Derneğin çok güzel ve faydalı işler yaptığını dile getiren Arınç, "Türkiye'de hep güvenilen, sözüne, işine, sadakatine de saygı duyulan insanlar oldunuz. Bürokraside, az da olsa parlamentoda, iş hayatında varsınız. Pek çok ünlü iş adamının birbirleriyle dayanışma içinde olan Çerkezlerden çıktığını biliyorum" diye konuştu.
Bazı Çerkezlerin bazı partilerden aday gösterilmesinin çok normal, bir kısım partilerden aday gösterilmemesinin de doğal olduğunu ifade eden Arınç, sözlerini şöyle sürdürdü: "Bu, bir siyasi bilinçtir, siyasetin yapılması gerekir. Nerede, nasıl yapıldığını ayrıca düşünmek suretiyle. Siyaset, toplum, toplumun sorunlarını çözmek için yapılır. Çerkezler'i temsil etmek için de yapılır ama etnik temele dayalı siyasetin yanında bütün Türkiye için siyaset yapılır. Etnik temel de önemlidir. Bunun üzerine siyaset yapan partiler de vardır. Çerkezler, siyasi bilinç bakımından çok yukarıdadır. Kime oy vereceğini, kimi destekleyeceğini, Türkiye'nin yönetiminde kimin söz sahibi olması gerektiğini hepimizden iyi bilir. 'Şu partiye oy verin, buna vermeyin' diyecek noktada değiliz.
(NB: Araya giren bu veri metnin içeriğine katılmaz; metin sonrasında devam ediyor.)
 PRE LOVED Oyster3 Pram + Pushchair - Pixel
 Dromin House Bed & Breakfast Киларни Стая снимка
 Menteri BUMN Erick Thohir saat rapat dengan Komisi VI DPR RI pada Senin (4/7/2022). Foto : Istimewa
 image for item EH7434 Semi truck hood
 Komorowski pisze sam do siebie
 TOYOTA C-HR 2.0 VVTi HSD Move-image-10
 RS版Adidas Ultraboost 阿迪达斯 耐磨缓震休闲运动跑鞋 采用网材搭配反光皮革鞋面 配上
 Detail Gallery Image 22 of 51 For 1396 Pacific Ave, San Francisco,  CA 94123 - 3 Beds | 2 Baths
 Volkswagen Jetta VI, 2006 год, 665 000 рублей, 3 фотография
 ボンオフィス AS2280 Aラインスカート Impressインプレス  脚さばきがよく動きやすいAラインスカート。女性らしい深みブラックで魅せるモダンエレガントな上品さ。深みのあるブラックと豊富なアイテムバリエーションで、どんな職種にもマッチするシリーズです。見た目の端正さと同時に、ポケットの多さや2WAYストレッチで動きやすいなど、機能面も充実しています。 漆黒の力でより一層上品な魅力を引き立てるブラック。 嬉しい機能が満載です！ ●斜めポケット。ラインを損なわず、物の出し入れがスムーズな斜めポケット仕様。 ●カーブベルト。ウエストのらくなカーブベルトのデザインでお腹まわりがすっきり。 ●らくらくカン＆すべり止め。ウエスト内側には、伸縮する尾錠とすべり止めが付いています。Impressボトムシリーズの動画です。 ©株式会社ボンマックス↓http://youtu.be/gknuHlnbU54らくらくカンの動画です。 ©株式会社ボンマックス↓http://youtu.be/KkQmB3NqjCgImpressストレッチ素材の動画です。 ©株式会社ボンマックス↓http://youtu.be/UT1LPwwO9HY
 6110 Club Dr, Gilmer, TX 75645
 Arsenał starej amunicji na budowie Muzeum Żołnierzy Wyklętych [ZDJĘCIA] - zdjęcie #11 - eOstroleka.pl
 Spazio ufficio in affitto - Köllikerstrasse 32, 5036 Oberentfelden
Böyle bir terbiyesizliği hiçbirimiz yapmayız." Arınç, Türkiye'nin uzun yıllar koalisyonlarla yönetilmesinin ardından son yıllarda tek parti iktidarıyla yönetildiğini dile getirerek, "Bir kısım insanlar, 'Koalisyon olsun' diyebilir. Batıda koalisyon kültürü, fevkalade başarılıdır ama benim 40 seneden beri gördüğüm Türkiye'de koalisyon kültürü yoktur ve örnekleri başarılı olmamıştır. Bütün bunları siyasi geçmişimiz içinde örnekleriyle yaşamak mümkündür. O yüzden ben şunu rahatlıkla söyleyebilirim: Hangi parti iktidar olacaksa tek başına olsun. Bütün partileri bunun içine koyabilirsiniz çünkü istikrar, hizmet, güç, cesaret buradadır. Bizde koalisyonlar, parçalı siyaset başarılı olamamıştır" ifadesini kullandı.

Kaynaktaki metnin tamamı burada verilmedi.